##### Data extracts

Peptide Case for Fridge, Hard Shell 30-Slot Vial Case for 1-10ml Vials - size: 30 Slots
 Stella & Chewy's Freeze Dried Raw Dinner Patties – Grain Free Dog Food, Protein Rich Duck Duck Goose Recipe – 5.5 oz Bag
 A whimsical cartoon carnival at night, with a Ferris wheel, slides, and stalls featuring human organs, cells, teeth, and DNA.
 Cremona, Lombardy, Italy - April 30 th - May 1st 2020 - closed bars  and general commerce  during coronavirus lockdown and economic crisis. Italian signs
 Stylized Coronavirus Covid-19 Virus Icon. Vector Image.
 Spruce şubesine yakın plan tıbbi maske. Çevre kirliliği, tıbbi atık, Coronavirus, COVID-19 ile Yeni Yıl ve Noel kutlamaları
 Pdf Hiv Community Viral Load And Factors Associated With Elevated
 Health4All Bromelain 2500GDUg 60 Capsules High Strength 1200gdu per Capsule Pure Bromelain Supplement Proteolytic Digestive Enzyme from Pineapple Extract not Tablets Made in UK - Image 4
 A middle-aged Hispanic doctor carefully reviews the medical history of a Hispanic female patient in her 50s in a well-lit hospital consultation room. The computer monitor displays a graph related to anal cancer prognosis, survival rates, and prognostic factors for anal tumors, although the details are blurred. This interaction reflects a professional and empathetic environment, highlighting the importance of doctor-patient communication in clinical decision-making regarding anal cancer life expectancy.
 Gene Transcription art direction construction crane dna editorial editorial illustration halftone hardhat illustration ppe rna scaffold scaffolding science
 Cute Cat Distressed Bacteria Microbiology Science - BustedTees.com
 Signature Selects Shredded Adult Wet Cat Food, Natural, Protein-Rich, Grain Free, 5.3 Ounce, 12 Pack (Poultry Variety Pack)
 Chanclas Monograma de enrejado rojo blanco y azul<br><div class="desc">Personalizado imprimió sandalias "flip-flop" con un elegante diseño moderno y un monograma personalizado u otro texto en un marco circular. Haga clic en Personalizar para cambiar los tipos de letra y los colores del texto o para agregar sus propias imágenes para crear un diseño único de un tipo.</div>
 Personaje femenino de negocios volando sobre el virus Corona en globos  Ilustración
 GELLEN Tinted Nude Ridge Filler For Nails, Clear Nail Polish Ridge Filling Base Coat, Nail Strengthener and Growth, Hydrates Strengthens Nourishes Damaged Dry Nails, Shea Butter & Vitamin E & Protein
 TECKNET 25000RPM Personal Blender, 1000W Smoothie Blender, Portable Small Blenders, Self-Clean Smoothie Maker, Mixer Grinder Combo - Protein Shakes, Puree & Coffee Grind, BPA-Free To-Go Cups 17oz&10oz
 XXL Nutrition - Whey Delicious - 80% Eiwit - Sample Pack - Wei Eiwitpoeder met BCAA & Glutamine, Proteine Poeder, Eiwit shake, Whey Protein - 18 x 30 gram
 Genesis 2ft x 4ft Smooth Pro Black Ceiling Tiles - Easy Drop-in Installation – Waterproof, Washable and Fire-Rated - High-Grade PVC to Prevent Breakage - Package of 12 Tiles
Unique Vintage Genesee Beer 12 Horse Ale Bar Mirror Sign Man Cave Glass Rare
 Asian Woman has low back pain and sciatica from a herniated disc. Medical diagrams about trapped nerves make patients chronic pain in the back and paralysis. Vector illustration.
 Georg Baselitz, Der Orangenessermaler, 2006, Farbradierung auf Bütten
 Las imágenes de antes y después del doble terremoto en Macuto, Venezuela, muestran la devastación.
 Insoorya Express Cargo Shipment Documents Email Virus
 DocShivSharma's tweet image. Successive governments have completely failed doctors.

##########

Work to complete: Go through the records and set every one down exactly.

Response:
Peptide Case for Fridge, Hard Shell 30-Slot Vial Case for 1-10ml Vials - size: 30 Slots
 Stella & Chewy's Freeze Dried Raw Dinner Patties – Grain Free Dog Food, Protein Rich Duck Duck Goose Recipe – 5.5 oz Bag
 A whimsical cartoon carnival at night, with a Ferris wheel, slides, and stalls featuring human organs, cells, teeth, and DNA.
 Cremona, Lombardy, Italy - April 30 th - May 1st 2020 - closed bars  and general commerce  during coronavirus lockdown and economic crisis. Italian signs
 Stylized Coronavirus Covid-19 Virus Icon. Vector Image.
 Spruce şubesine yakın plan tıbbi maske. Çevre kirliliği, tıbbi atık, Coronavirus, COVID-19 ile Yeni Yıl ve Noel kutlamaları
 Pdf Hiv Community Viral Load And Factors Associated With Elevated
 Health4All Bromelain 2500GDUg 60 Capsules High Strength 1200gdu per Capsule Pure Bromelain Supplement Proteolytic Digestive Enzyme from Pineapple Extract not Tablets Made in UK - Image 4
 A middle-aged Hispanic doctor carefully reviews the medical history of a Hispanic female patient in her 50s in a well-lit hospital consultation room. The computer monitor displays a graph related to anal cancer prognosis, survival rates, and prognostic factors for anal tumors, although the details are blurred. This interaction reflects a professional and empathetic environment, highlighting the importance of doctor-patient communication in clinical decision-making regarding anal cancer life expectancy.
 Gene Transcription art direction construction crane dna editorial editorial illustration halftone hardhat illustration ppe rna scaffold scaffolding science
 Cute Cat Distressed Bacteria Microbiology Science - BustedTees.com
 Signature Selects Shredded Adult Wet Cat Food, Natural, Protein-Rich, Grain Free, 5.3 Ounce, 12 Pack (Poultry Variety Pack)
 Chanclas Monograma de enrejado rojo blanco y azul<br><div class="desc">Personalizado imprimió sandalias "flip-flop" con un elegante diseño moderno y un monograma personalizado u otro texto en un marco circular. Haga clic en Personalizar para cambiar los tipos de letra y los colores del texto o para agregar sus propias imágenes para crear un diseño único de un tipo.</div>
 Personaje femenino de negocios volando sobre el virus Corona en globos  Ilustración
 GELLEN Tinted Nude Ridge Filler For Nails, Clear Nail Polish Ridge Filling Base Coat, Nail Strengthener and Growth, Hydrates Strengthens Nourishes Damaged Dry Nails, Shea Butter & Vitamin E & Protein
 TECKNET 25000RPM Personal Blender, 1000W Smoothie Blender, Portable Small Blenders, Self-Clean Smoothie Maker, Mixer Grinder Combo - Protein Shakes, Puree & Coffee Grind, BPA-Free To-Go Cups 17oz&10oz
 XXL Nutrition - Whey Delicious - 80% Eiwit - Sample Pack - Wei Eiwitpoeder met BCAA & Glutamine, Proteine Poeder, Eiwit shake, Whey Protein - 18 x 30 gram
 Genesis 2ft x 4ft Smooth Pro Black Ceiling Tiles - Easy Drop-in Installation – Waterproof, Washable and Fire-Rated - High-Grade PVC to Prevent Breakage - Package of 12 Tiles
Unique Vintage Genesee Beer 12 Horse Ale Bar Mirror Sign Man Cave Glass Rare
 Asian Woman has low back pain and sciatica from a herniated disc. Medical diagrams about trapped nerves make patients chronic pain in the back and paralysis. Vector illustration.
 Georg Baselitz, Der Orangenessermaler, 2006, Farbradierung auf Bütten
 Las imágenes de antes y después del doble terremoto en Macuto, Venezuela, muestran la devastación.
 Insoorya Express Cargo Shipment Documents Email Virus
 DocShivSharma's tweet image. Successive governments have completely failed doctors.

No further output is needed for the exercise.